Кроме того, консьерж проносил в пансион разнообразные, по большей части контрабандные, товары, в том числе запрещенные книги и ту субстанцию, которой суждено стать едким топливом вымышленного мира Бальзака: кофе. Колониальные товары стоили дорого и потому считались не просто лакомством, но и признаком определенного статуса. Бальзак, которого родители не баловали, как прежде в Вандомском коллеже, покупал кофе в кредит. Вот поистине важная веха: его первый долг. Г-жа Бальзак ужасно негодовала, узнав об этом признаке приближающейся зрелости. Она, как и следовало ожидать, впала в ярость, усомнившись в образовательной ценности кофе, объявила, что Оноре поглощает приданое сестер, и пришла к выводу, что «Марат был ангелом по сравнению со мной»>107.

Возможно, Оноре соглашался с Маратом в том, что слепое послушание всегда предшествует крайнему невежеству. И все же его мятежное поведение – республиканство, беспорядочные связи и любовь к кофе – указывает на стремление к тихой гавани. Долги, для многих писателей того времени, служили модным признаком независимости. Для Бальзака долги стали наказанием, цепью, которая на много лет приковала его к письменному столу. Злоупотребление кофе и бесконечные, постоянно растущие долги – признак зависимого характера. Как известно, самым главным и самым настойчивым кредитором Бальзака много лет была его мать.

История о первом долге Бальзака взята из «Лилии долины», но похожие воспоминания всплывают в его переписке 1843 г., с теми же двусмысленными выражениями: «Не следует позволять, чтобы вами управляли такие заботы, и во всяком случае я неподкупен, как женщина и как школьник. Для меня так унизительно занимать деньги, что источник моей храбрости кроется в самом унижении: я краснею, как будто мне пятнадцать лет. Как только я расплачусь с последним кредитором, я больше никогда не залезу в долги»>108.

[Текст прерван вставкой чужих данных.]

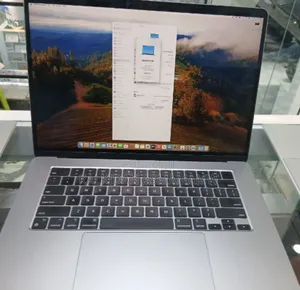 New Laptop Apple MacBook 8GB Apple M3 SSD 256GB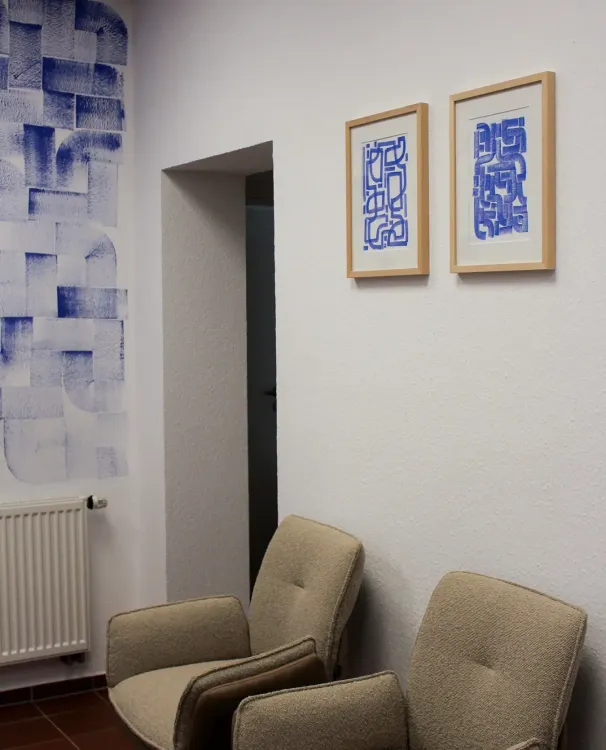 Raumgestaltung für Gräfrather Arztpraxis: Ein Wand- und Raumkonzept, das beruhigend auf Patient:innen wirkt - Bild 5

Оставив нездоровое заведение Лепитра, Бальзак вернулся в выпускной класс пансиона Ганзера и Бёзлена. В статье, опубликованной в 1842 г., он называет двух директоров образцами для воссоздания французской системы образования>109. Судя по всему, школьные достижения самого Бальзака были невелики. Сестра его уверяет, что, в отсутствие нормальной библиотеки, Оноре стал увлеченным лингвистом>110. Несомненно, лингвистика была одним из его призваний, но не осталось ни следа о каких-либо его выдающихся достижениях в латыни или французском. Более того, по мнению матери, Оноре был выдающимся лишь в другом отношении. Небольшая ошибка в переводе с латыни стала поводом для одного из ее апокалипсических писем, почти достойных жены Брута: «Мой дорогой Оноре, я не могу подобрать достаточно сильных слов, чтобы выразить то горе, которое ты мне причинил. Ты в самом деле доставляешь мне много несчастий. Делая для своих детей все, что я могу, я вправе ожидать, что и они меня порадуют в ответ. Добрый и достойный г-н Ганзер сообщил мне, что по переводу с латыни с листа ты 32-й… Поэтому теперь я лишена большой радости, которую обещала себе на завтра… Какая пустота в моем сердце! Каким долгим покажется мне завтрашний день!»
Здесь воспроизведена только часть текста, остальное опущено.